I've noticed Talbots (NYSE:TLB) stock often seems to have some pretty adamant fans among Foolish readers. However, there may be one less reason for loyalty.

Talbots has had to cut workers and benefits as it struggles to keep the ship afloat in the dire economy. (And of course, Talbots' business struggled even before the economy went south.) However, despite all the sacrifices employees have had to make, Talbots CEO Trudy Sullivan will receive $1.2 million to offset recent reductions in her retirement benefits. Granted, this was part of her 2007 employment agreement, but somehow I doubt this kind of thing goes over well with a workforce that’s been beset by layoffs and benefit reductions as the company tries to save money.

Despite Talbots' long struggles, Sullivan is fairly generously compensated in the first place. In 2008, she made in total $5.7 million, with a base salary of $1 million. Last year, her base salary was $500,000, but she received a $1 million bonus, and total compensation came to a grand total of $6.9 million.

Granted, whether a CEO is "overpaid" can be a pretty subjective opinion. Many companies use "peer groups" to help determine pay, and Talbots' peer group includes some similar companies (Chico's (NYSE:CHS), Coldwater Creek (NASDAQ:CWTR), Ann Taylor (NYSE:ANN)) as well as some you could argue are rather dissimilar in terms of size or product (Tiffany (NYSE:TIF), Macy's (NYSE:M)). Peer groups can definitely subvert the idea of pay for performance, instead hoping investors focus on competitive compensation practices in the marketplace.

Many of us would rather see more emphasis on pay for performance, though, and the fact that Talbots has been seriously struggling for ages is enough to make one wonder about millions in pay and perks for its chief executive officer, including this latest perk. Plus, we're talking about longtime malaise in its business; a glance at its five-year chart illustrates the ugly tale.

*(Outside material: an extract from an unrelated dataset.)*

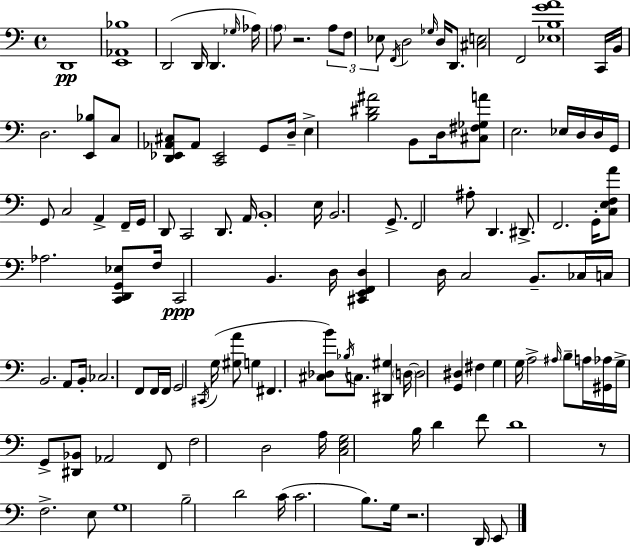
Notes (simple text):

D2/w [E2,Ab2,Bb3]/w D2/h D2/s D2/q. Gb3/s Ab3/s A3/e R/h. A3/e F3/e Eb3/e F2/s D3/h Gb3/s D3/s D2/e. [C#3,E3]/h F2/h [Eb3,B3,G4,A4]/w C2/s B2/s D3/h. [E2,Bb3]/e C3/e [D2,Eb2,Ab2,C#3]/e Ab2/e [C2,Eb2]/h G2/e D3/s E3/q [B3,D#4,A#4]/h B2/e D3/s [C#3,F#3,Gb3,A4]/e E3/h. Eb3/s D3/s D3/s G2/s G2/e C3/h A2/q F2/s G2/s D2/e C2/h D2/e. A2/s B2/w E3/s B2/h. G2/e. F2/h A#3/e D2/q. D#2/e. F2/h. G2/s [C3,E3,F3,A4]/e Ab3/h. [C2,D2,G2,Eb3]/e F3/s C2/h B2/q. D3/s [C#2,E2,F2,D3]/q D3/s C3/h B2/e. CES3/s C3/s B2/h. A2/e B2/s CES3/h. F2/e F2/s F2/s G2/h C#2/s G3/s [G#3,A4]/e G3/q F#2/q. [C#3,Db3,B4]/e Bb3/s C3/e. [D#2,G#3]/q D3/s D3/h [G2,D#3]/q F#3/q G3/q G3/s A3/h A#3/s B3/e A3/s [G#2,Ab3]/s G3/s G2/e [D#2,Bb2]/e Ab2/h F2/e F3/h D3/h A3/s [C3,E3,G3]/h B3/s D4/q F4/e D4/w R/e F3/h. E3/e G3/w B3/h D4/h C4/s C4/h. B3/e. G3/s R/h. D2/s E2/e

In these painful times, it would be nice to see more corporate executives make sacrifices similar to the ones their employees are forced to make; I may be picking on Talbots, but I also picked on Starbucks (NASDAQ:SBUX), a stock I own, for similar reasons. There's always a point where corporate boards and managements can ponder doing the right thing. Furthermore, shareholders should wonder why companies with dwindling profitability (or in Talbots' case, no annual profitability for years running) continue to richly compensate executives for jobs not so well done.